Statistical framework

See Zheng et al. 2014, Zheng 2015 , Zheng et al. 2015, and Zheng et al. 2018 for the detailed description on the Hidden Markov Model (HMM) framework of RABBIT. See Zheng et al. 2018(2) and Zheng et al. 2024 for the description on the algorithm of genotype imputation. See Zheng et al. 2019 and Zheng et al. 2025(2) for the description on the algorithm of genetic map construction.

The RABBIT HMM framework consists of two basic components: hidden Markov process and genotype data model.

Ancestral origin process

The hidden Markov process refers to the prior ancestral origin process, describing how ancestral origins change along two homologous chromosomes in a diploid offspring.

RABBIT has a keyarg model for specifying the dependence of the prior ancestral origin processes between two homologous chromosomes.

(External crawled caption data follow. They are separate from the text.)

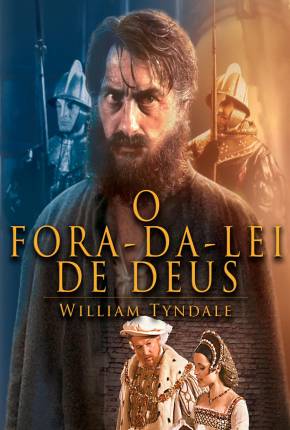 O Fora da Lei de Deus - William Tyndale / Gods Outlaw Download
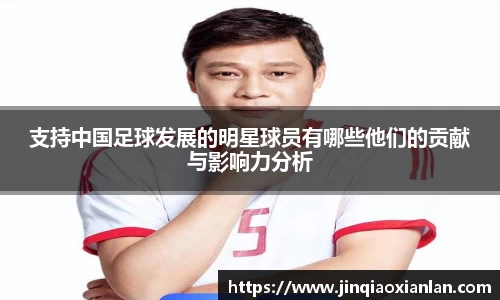 支持中国足球发展的明星球员有哪些他们的贡献与影响力分析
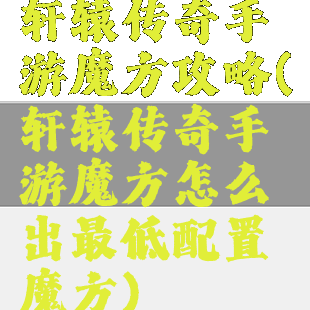 轩辕传奇手游魔方攻略(轩辕传奇手游魔方怎么出最低配置魔方)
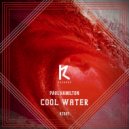 Paul Hamilton - Cool Water (Dub Mix)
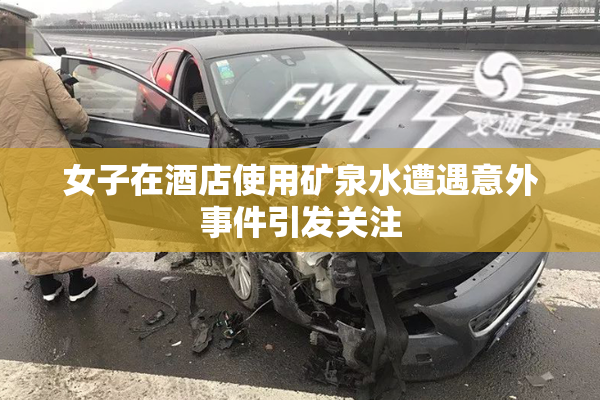 女子在酒店使用矿泉水遭遇意外事件引发关注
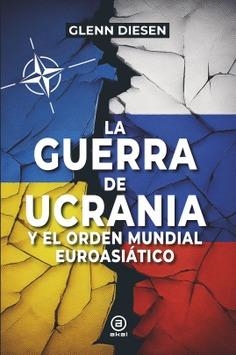 GUERRA DE UCRANIA Y EL ORDEN MUNDIAL EUROASIÁTICO, LA | 9788416842964 | DIESEN, GLENN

It must be "depmodel", "indepmodel", or "jointmodel", denoting complete dependence, complete independence, or intermediate dependence, respectively. RABBIT uses the general "jointmodel" by default. It is recommended for magicimpute to use "depmodel" for almost homozygous populations, which would be much faster than the default "jointmodel".

Genotype data model

The Genotype data model describes the (emission) probability of observed genotypic data given hidden ancestral origin state, and it varies with genotype format. See [Zheng et al. 2025] for the detailed description on the data model.

Discrete genotype (GT)

The data model for "GT" has a parameter describing the allelic error rate, that is, the probability of an error occurring on one allele. If an error occurs on an allele, it will result in the other allele.

RABBIT introduces two likelihood parameters for "GT": foundererror and offspringerror, denoting the allelic error rates for founders and offspring, respectively.

Allelic depeth (AD)

Sequence reads are assumed to be generated by two steps: (1) true genotypes are mis-aligned using the random allelic error model with the allelic error rates foundererror and offspringerror, and (2) conditional on mis-aligned genotypes, sequence reads are sampled with parameters baseerror, allelicbias, allelicoverdispersion, and allelicdropout.

Referneces

Zheng, Chaozhi, Martin P Boer, and Fred A Van Eeuwijk. 2014. “A General Modeling Framework for Genome Ancestral Origins in Multiparental Populations.” Genetics 198 (1): 87–101. https://doi.org/10.1534/genetics.114.163006.

———. 2015. “Reconstruction of Genome Ancestry Blocks in Multiparental Populations.” Genetics 200 (4): 1073–87. https://doi.org/10.1534/genetics.115.177873.

———. 2018. “Recursive Algorithms for Modeling Genomic Ancestral Origins in a Fixed Pedigree.” G3 Genes|Genomes|Genetics 8 (10): 3231–45. https://doi.org/10.1534/G3.118.200340.

———. 2018(2). "Accurate Genotype Imputation in Multiparental Populations from Low-Coverage Sequence". Genetics 210 (1): 71-82. https://doi.org/10.1534/genetics.118.300885

———. 2019. "Construction of Genetic Linkage Maps in Multiparental Populations". Genetics 212 (4): 1031-1044. https://doi.org/10.1534/genetics.119.302229

Zheng et al. 2025. “Genotype imputation and error estimation in connected multiparental populations.” In preparation.

Zheng et al. 2025(2). "Efficient consensus map construction in connected multiparental populations.” In preparation.